Make an exact copy of the lines from the one containing "Luxury Lattice Crossbody" through the end of the material, including both ends but no pictures.

=== Section Start ===

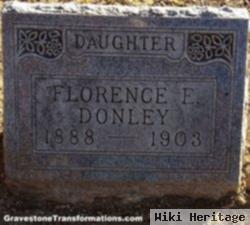 Florence E Donley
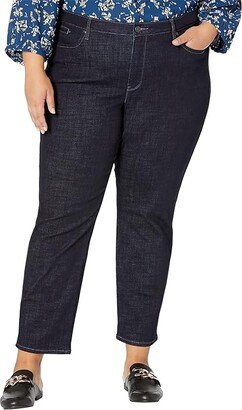 Plus Size Stella Tapered Ankle in Rinse (Rinse) Women's Jeans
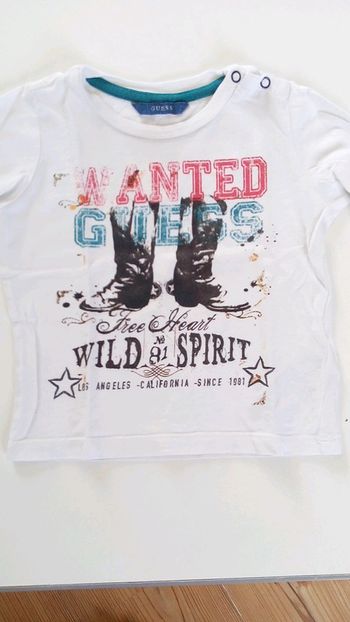 T-shirt garçon Guess
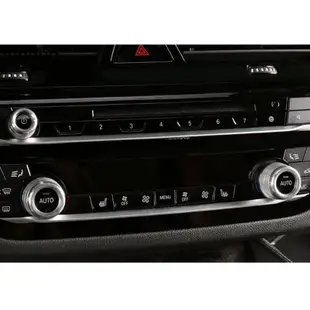 台灣現貨適用於 BMW 寶馬 X3 G01 X4 G02 5係 G30 GT6空調音量旋鈕音響控制按鈕旋鈕環蓋飾件 露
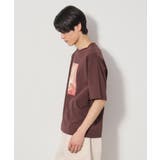 【Begin6月号掲載】オーガニックコットンプリント半袖Tシャツ | THE SHOP TK | 詳細画像11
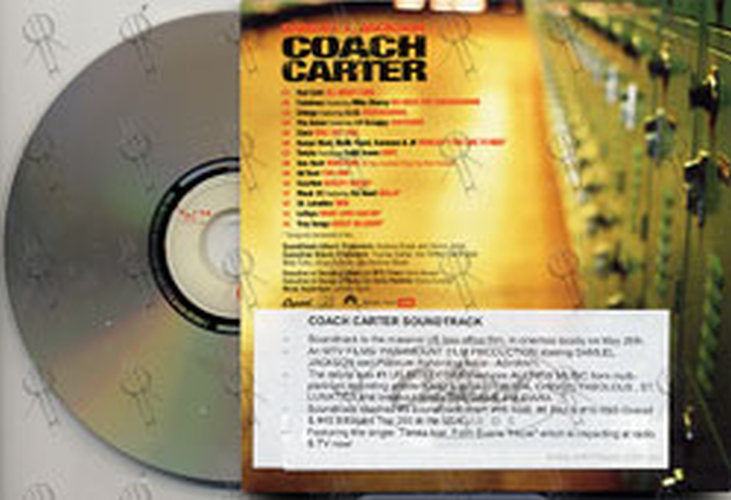 VARIOUS ARTISTS - Coach Carter (Soundtrack) - 2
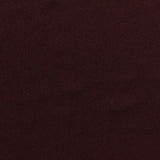 Washed Polyester Viscose Stretch Scuba Knit Fabric, 280 gsm, 167 cm — Brown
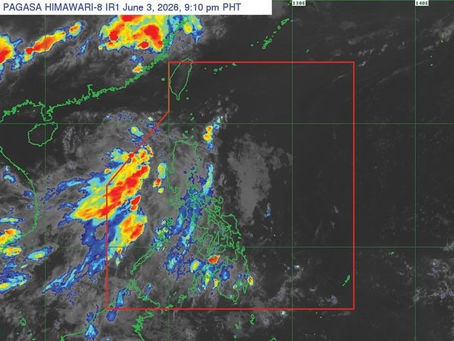 2 cyclones may enter PAR this month
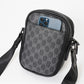 Luxury Lattice Crossbody Bags Men Shoulder Bag Men&#39;s Messenger Bag Multi-function Travel Small Camera Bag Phone Bag Handbags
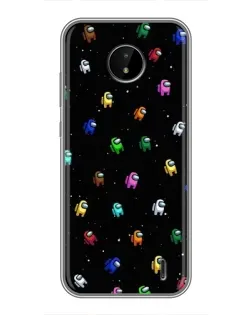 Чохол для Nokia C20 Plus з картинкою «Екіпаж Among Us» Чохол для Nokia C20 Plus з картинкою «Екіпаж Among Us»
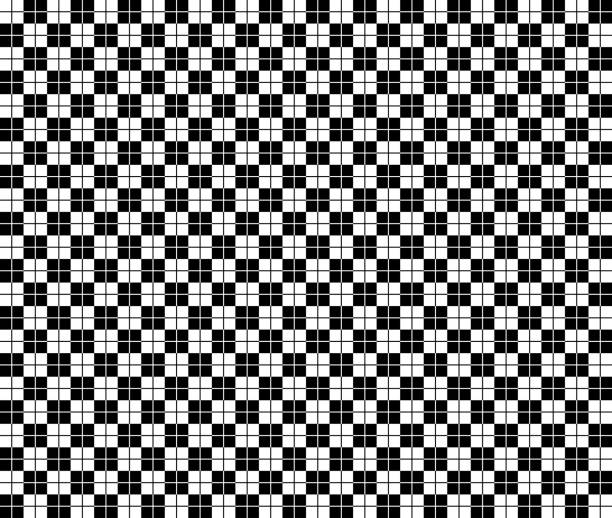 Checkerd Farm Pattern 30+ Checkeredpattern Stock Photos, Pictures & Royalty-Free Images - iStock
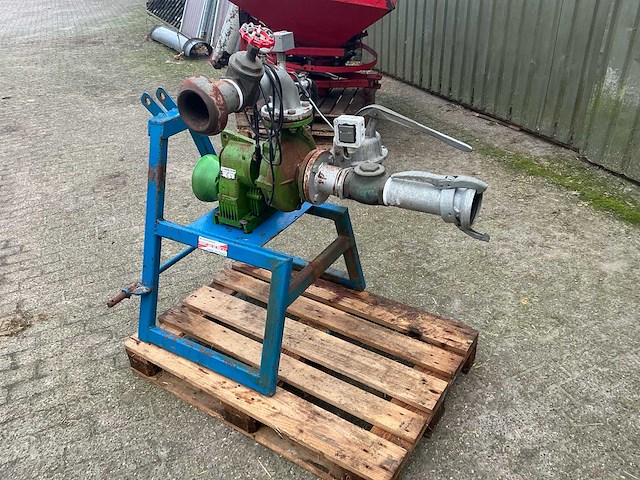 2000 rovatti pompe t2 50e beregeningspomp/centrifugaalpomp - afbeelding 2 van  7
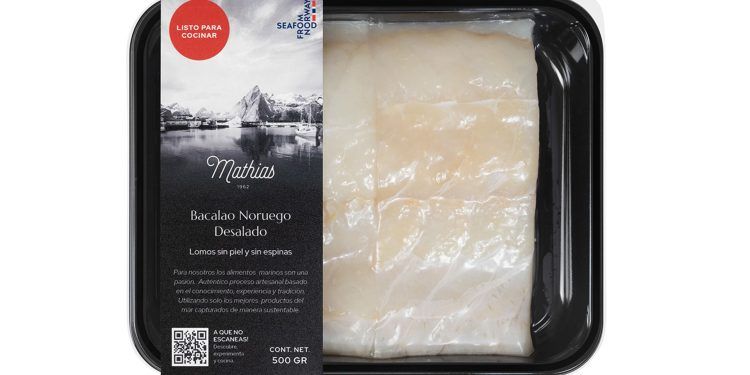 Llega a México el nuevo bacalao desalado y congelado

=== Section End ===

_Answer space_.
 Luxury Lattice Crossbody Bags Men Shoulder Bag Men&#39;s Messenger Bag Multi-function Travel Small Camera Bag Phone Bag Handbags
 Чохол для Nokia C20 Plus з картинкою «Екіпаж Among Us» Чохол для Nokia C20 Plus з картинкою «Екіпаж Among Us»
 Checkerd Farm Pattern 30+ Checkeredpattern Stock Photos, Pictures & Royalty-Free Images - iStock
 2000 rovatti pompe t2 50e beregeningspomp/centrifugaalpomp - afbeelding 2 van  7
 Llega a México el nuevo bacalao desalado y congelado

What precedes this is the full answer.